*Given data*:
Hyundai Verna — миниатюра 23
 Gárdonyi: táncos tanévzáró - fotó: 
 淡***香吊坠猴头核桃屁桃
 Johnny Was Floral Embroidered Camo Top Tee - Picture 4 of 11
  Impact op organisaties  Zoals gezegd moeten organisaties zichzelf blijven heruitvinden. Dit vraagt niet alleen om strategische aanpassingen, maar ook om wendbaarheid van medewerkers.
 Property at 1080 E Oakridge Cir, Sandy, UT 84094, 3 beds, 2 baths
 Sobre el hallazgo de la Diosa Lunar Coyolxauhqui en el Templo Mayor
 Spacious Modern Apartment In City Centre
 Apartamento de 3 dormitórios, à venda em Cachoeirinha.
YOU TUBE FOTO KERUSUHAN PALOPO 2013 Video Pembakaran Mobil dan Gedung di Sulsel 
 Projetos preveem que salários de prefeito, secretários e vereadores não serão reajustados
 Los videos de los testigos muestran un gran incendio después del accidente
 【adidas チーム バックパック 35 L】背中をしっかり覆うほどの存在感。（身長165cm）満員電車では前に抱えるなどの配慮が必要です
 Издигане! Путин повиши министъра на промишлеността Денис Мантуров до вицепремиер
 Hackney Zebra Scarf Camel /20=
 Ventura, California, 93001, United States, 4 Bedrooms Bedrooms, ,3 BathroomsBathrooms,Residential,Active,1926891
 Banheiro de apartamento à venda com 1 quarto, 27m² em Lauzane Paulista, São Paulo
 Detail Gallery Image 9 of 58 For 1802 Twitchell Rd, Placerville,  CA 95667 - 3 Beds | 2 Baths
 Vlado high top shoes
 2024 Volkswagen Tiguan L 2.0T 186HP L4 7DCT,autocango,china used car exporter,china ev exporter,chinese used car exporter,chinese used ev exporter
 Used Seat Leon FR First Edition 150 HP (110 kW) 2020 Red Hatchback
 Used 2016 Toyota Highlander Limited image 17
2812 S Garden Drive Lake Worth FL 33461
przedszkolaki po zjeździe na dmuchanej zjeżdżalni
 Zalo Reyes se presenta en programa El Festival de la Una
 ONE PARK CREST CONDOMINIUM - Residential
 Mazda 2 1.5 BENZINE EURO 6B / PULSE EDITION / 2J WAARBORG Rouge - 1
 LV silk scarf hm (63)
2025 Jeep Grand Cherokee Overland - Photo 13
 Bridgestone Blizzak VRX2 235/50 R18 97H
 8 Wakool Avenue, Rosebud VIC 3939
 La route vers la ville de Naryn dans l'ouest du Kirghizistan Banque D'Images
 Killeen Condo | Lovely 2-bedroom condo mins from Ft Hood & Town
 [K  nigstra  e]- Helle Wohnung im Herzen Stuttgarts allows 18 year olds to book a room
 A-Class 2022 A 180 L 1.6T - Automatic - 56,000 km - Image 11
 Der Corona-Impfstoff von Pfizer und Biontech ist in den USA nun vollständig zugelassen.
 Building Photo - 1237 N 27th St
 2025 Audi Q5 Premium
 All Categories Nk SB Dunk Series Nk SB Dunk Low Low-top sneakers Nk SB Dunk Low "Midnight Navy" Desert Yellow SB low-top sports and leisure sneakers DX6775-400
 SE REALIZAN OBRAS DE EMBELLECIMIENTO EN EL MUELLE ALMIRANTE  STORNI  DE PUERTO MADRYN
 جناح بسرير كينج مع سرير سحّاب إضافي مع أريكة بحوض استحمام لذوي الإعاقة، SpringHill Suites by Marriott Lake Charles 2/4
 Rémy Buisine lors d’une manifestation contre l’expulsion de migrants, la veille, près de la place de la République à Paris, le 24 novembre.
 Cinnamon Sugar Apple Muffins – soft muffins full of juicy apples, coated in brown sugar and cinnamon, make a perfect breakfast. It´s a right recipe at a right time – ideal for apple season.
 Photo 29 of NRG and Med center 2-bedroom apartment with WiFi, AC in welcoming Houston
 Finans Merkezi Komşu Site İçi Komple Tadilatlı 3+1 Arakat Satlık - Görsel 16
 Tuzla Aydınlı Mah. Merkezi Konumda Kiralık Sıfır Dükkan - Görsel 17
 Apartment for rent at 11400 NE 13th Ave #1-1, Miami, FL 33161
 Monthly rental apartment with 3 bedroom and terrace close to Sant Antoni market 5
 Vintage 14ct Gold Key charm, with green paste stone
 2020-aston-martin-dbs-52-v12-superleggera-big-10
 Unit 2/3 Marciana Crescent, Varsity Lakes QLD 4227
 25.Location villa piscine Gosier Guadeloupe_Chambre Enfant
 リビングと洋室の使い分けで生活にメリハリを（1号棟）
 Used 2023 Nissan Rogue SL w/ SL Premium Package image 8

*Work instruction*:
Within the data above, the span starting at the line containing "Apartment for rent" and ending at the line containing "2020-aston-martin-dbs-52-v12-superleggera-big-10" is to be retyped exactly, with no other lines.

*Result for this task*:
 Apartment for rent at 11400 NE 13th Ave #1-1, Miami, FL 33161
 Monthly rental apartment with 3 bedroom and terrace close to Sant Antoni market 5
 Vintage 14ct Gold Key charm, with green paste stone
 2020-aston-martin-dbs-52-v12-superleggera-big-10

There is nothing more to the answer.